YOUR ASSIGNMENT »
In the entries below, find each line bearing the string "Mercedes" and copy it.

SOURCE DATA »
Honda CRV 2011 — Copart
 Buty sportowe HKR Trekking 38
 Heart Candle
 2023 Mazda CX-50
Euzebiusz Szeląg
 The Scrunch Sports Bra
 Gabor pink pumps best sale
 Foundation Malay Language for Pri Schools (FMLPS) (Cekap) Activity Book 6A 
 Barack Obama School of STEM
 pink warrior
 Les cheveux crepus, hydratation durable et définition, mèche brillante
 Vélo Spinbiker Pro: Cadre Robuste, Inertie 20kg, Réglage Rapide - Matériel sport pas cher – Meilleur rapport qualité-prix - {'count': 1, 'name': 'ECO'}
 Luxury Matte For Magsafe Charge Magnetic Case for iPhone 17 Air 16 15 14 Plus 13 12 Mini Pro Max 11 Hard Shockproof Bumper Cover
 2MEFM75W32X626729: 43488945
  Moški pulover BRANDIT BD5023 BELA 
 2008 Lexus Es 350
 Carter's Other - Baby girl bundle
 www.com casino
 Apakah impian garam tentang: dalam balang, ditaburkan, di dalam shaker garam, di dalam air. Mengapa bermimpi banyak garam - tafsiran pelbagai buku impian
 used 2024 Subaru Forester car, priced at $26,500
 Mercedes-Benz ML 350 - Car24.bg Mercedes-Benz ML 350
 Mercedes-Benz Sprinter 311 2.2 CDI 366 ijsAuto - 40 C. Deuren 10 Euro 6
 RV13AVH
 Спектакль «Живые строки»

SOLUTION »
 Mercedes-Benz ML 350 - Car24.bg Mercedes-Benz ML 350
 Mercedes-Benz Sprinter 311 2.2 CDI 366 ijsAuto - 40 C. Deuren 10 Euro 6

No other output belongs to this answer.